=== Short descriptive text snippets ===

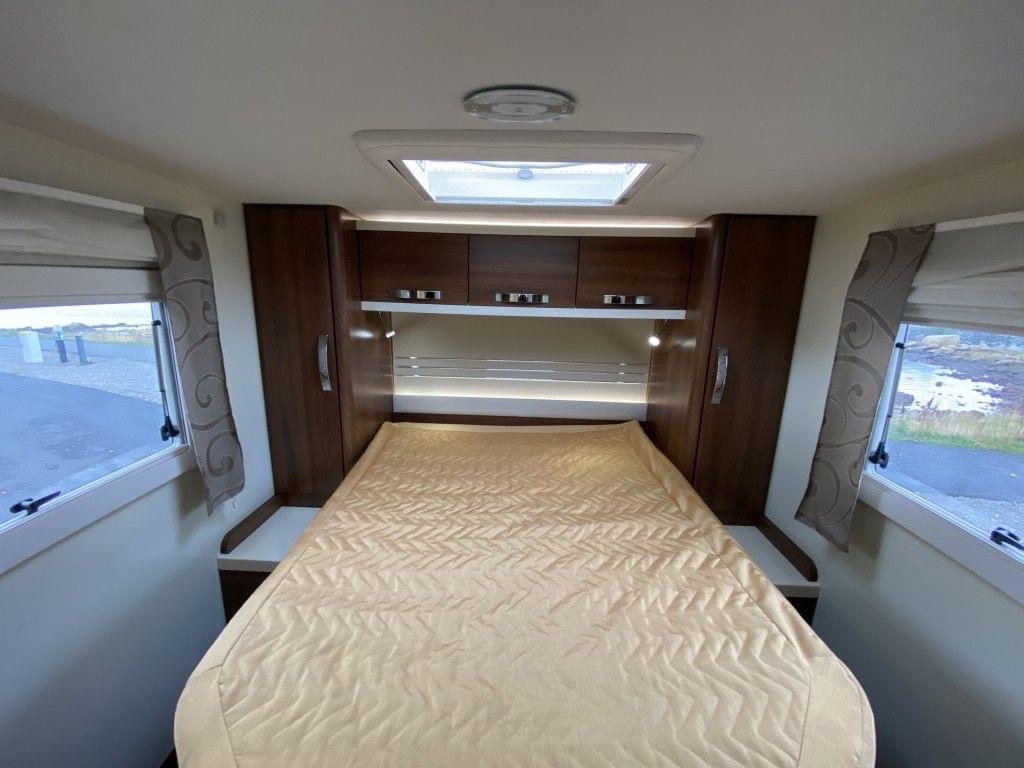 Mclouis Mc 2 Karat Edition avec lit queen (camping-car) – Image 15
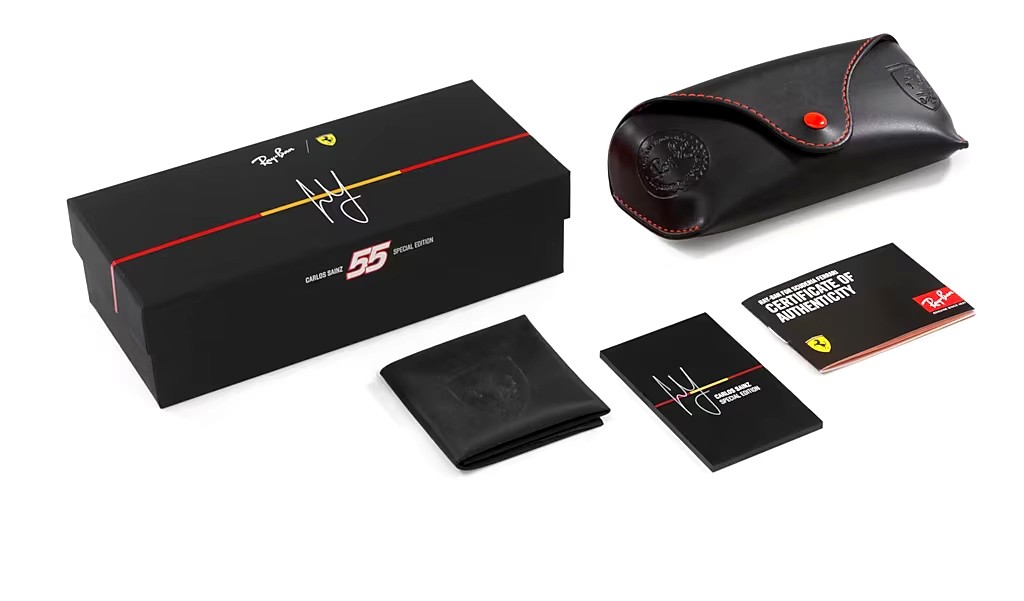 Sonnenbrillen Ray-Ban Scuderia Ferrari Sainz Special Edition 2024 RB 4433M (F6025J) farbe nero form quadratisch gläser argento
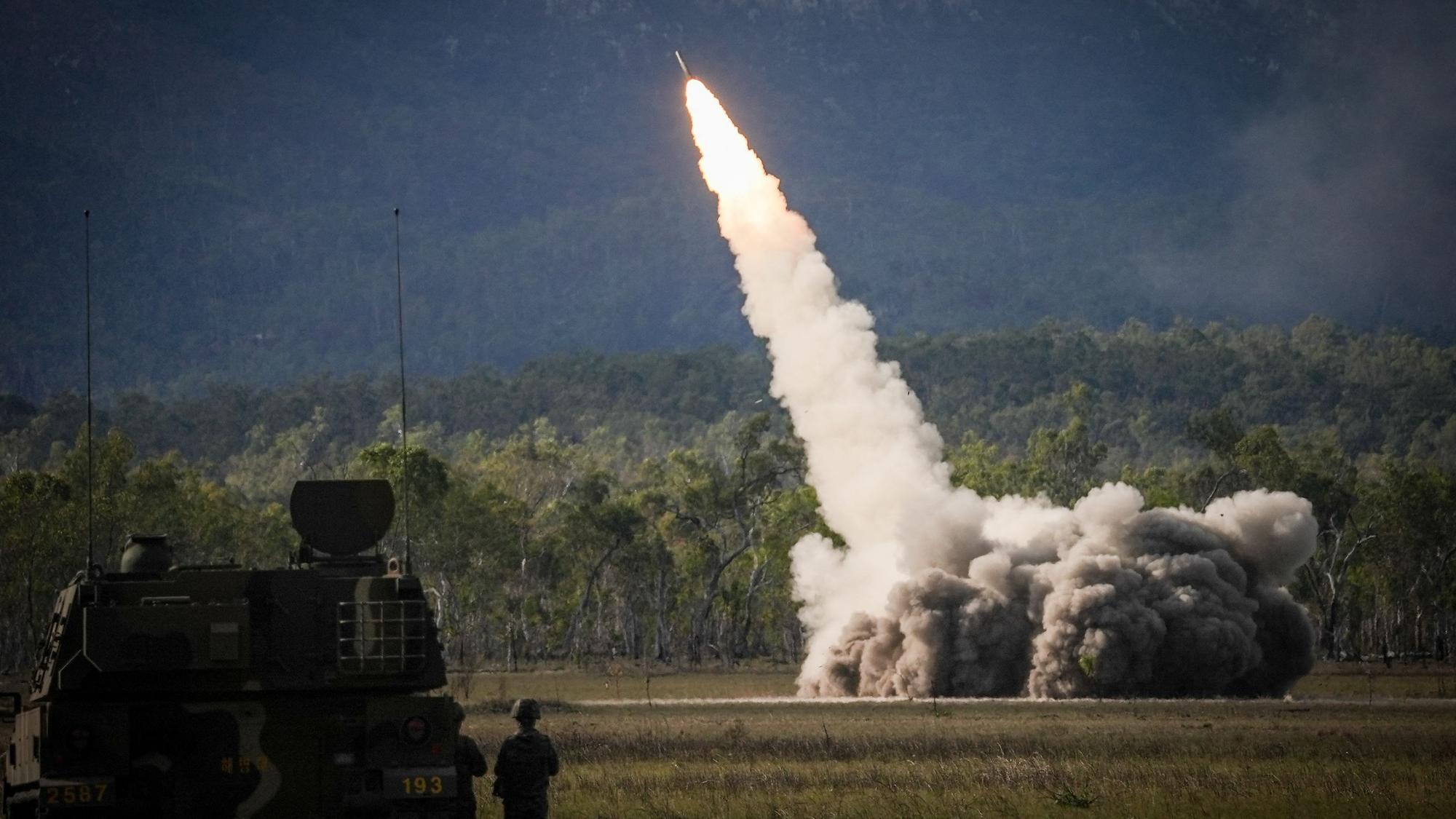 Ein US-Raketenwerfer HIMARS beim Abschuss einer Rakete während einer Militärübung. (Archivbild)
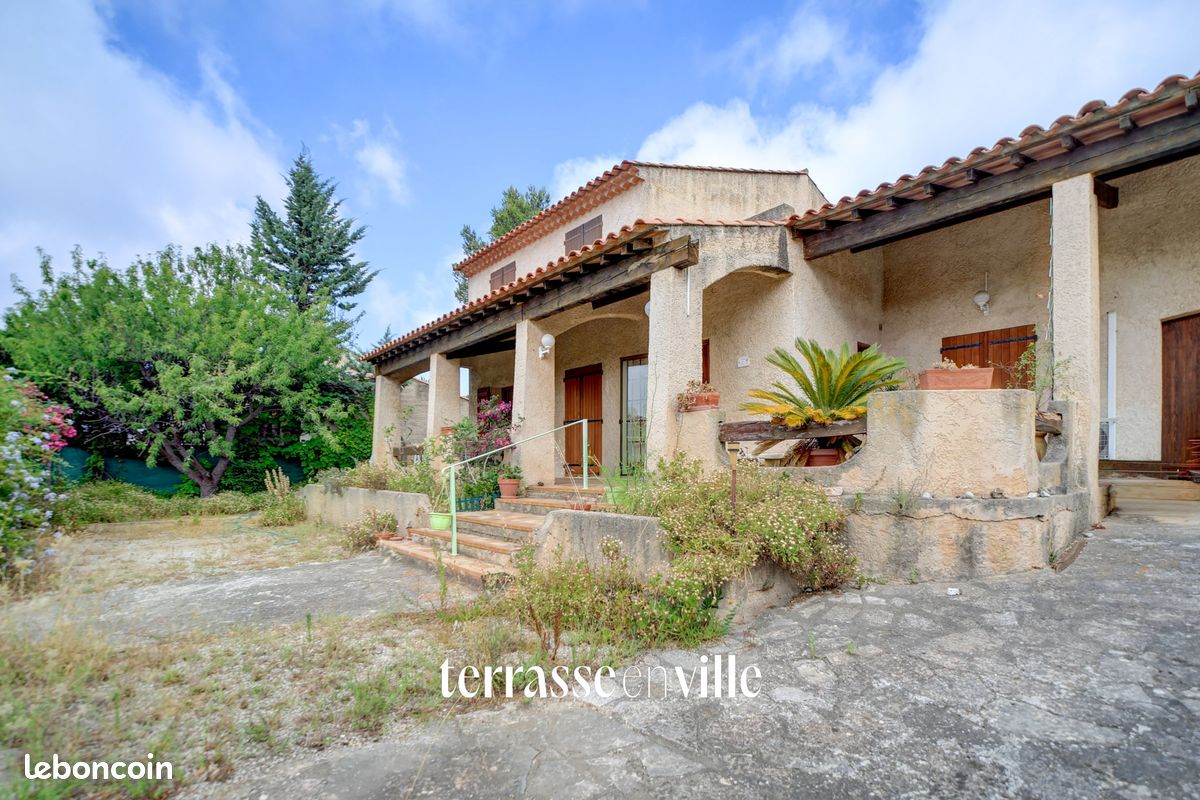 Maison 5 pièces 133 m² · à Saint-Cyr-sur-Mer · 133 m² · 690 000 €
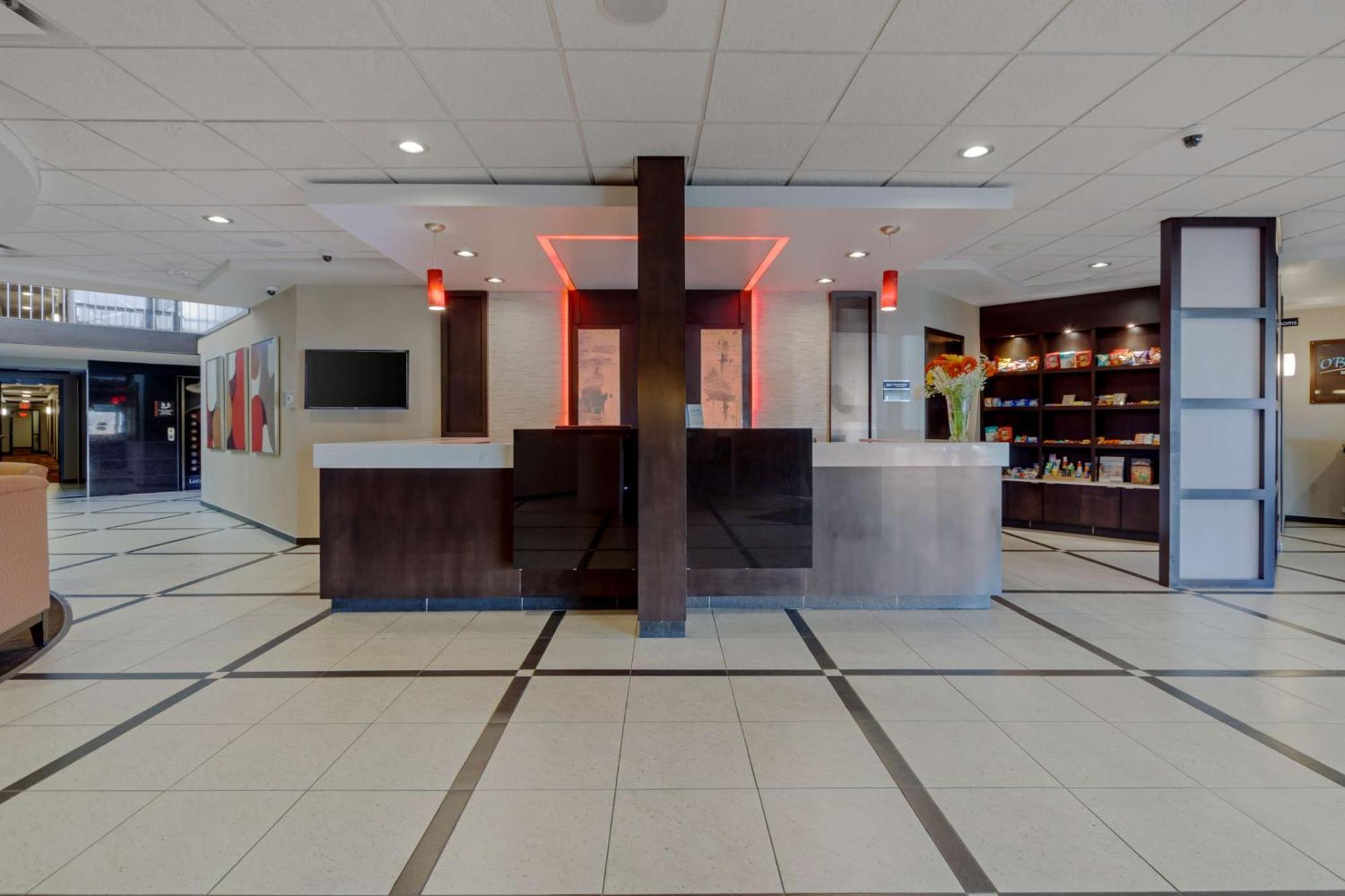 Best Western Premier Denham Inn & Suites Leduc Εξωτερικό φωτογραφία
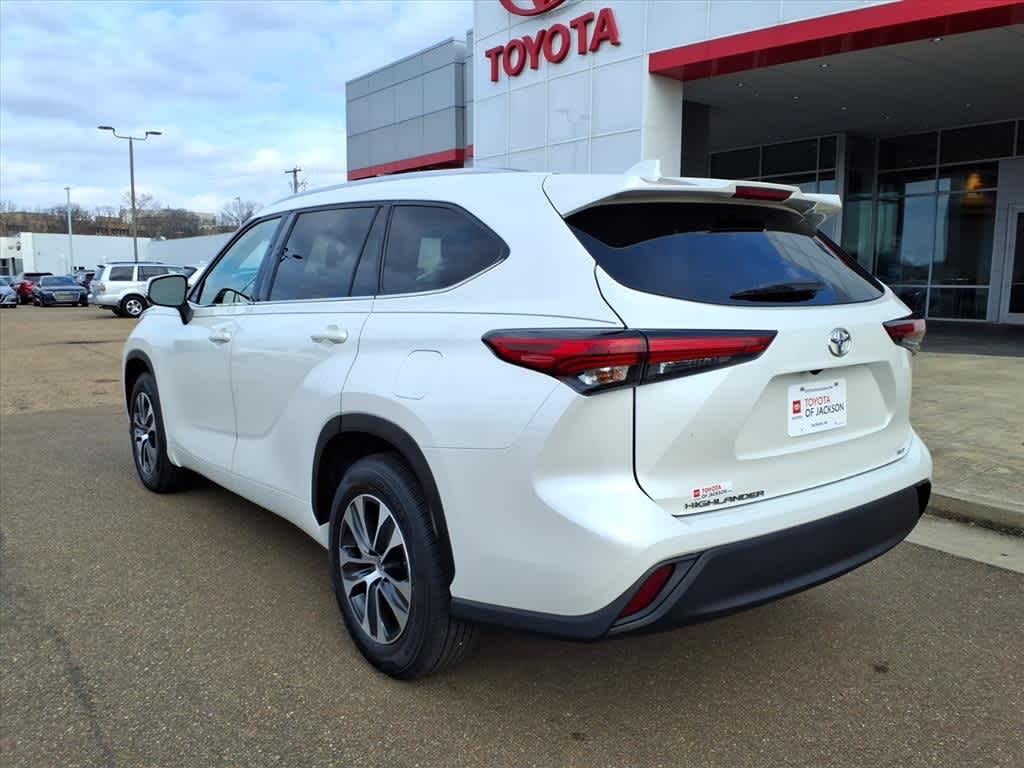Thumbnail: 2021 Toyota Highlander - 7
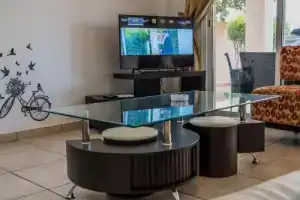 Diana Apartment, Пафос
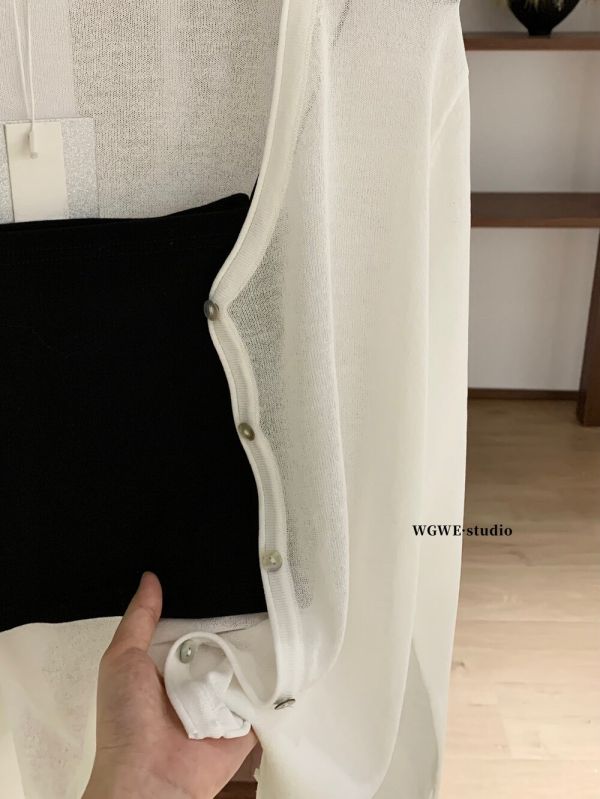 簡單穿顏值擔當 薄款防曬V領外套-3色 簡單穿顏值擔當 薄款防曬V領外套-3色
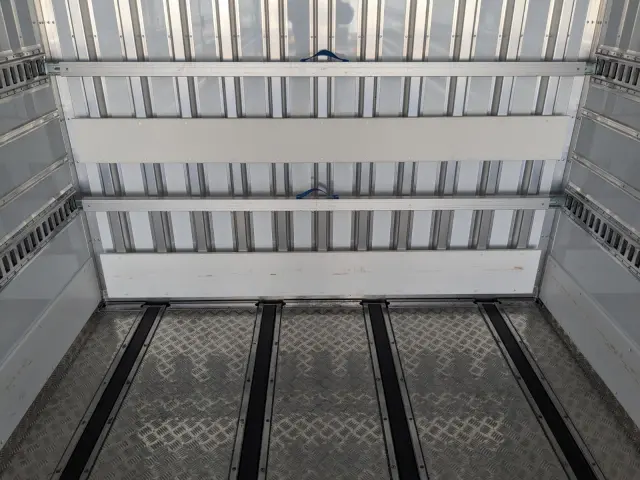 三菱 スーパーグレート 2PG-FS84HZ(8x4)の写真15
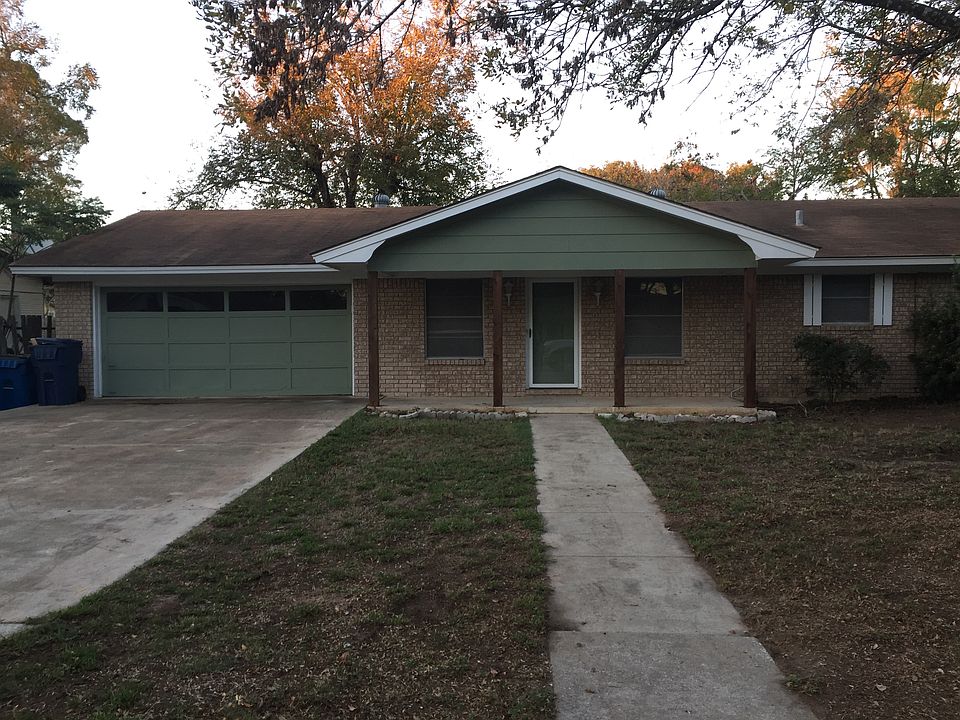 1st image of 916 Hillcrest Dr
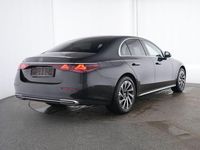 Gebraucht Mercedes E300 Premium 313 PS (230 kW) 2024 Schwarzlack obsidianschwarz (metallic) Limousine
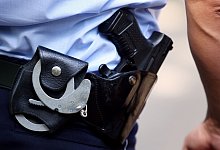 Bewaffneter Polizist - dpa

=== REQUIRED ACTION ===
Omit the pictures; print the records above exactly.

=== TASK OUTPUT ===
 Mclouis Mc 2 Karat Edition avec lit queen (camping-car) – Image 15
 Sonnenbrillen Ray-Ban Scuderia Ferrari Sainz Special Edition 2024 RB 4433M (F6025J) farbe nero form quadratisch gläser argento
 Ein US-Raketenwerfer HIMARS beim Abschuss einer Rakete während einer Militärübung. (Archivbild)
 Maison 5 pièces 133 m² · à Saint-Cyr-sur-Mer · 133 m² · 690 000 €
 Best Western Premier Denham Inn & Suites Leduc Εξωτερικό φωτογραφία
Thumbnail: 2021 Toyota Highlander - 7
 Diana Apartment, Пафос
 簡單穿顏值擔當 薄款防曬V領外套-3色 簡單穿顏值擔當 薄款防曬V領外套-3色
 三菱 スーパーグレート 2PG-FS84HZ(8x4)の写真15
 1st image of 916 Hillcrest Dr
 Gebraucht Mercedes E300 Premium 313 PS (230 kW) 2024 Schwarzlack obsidianschwarz (metallic) Limousine
 Bewaffneter Polizist - dpa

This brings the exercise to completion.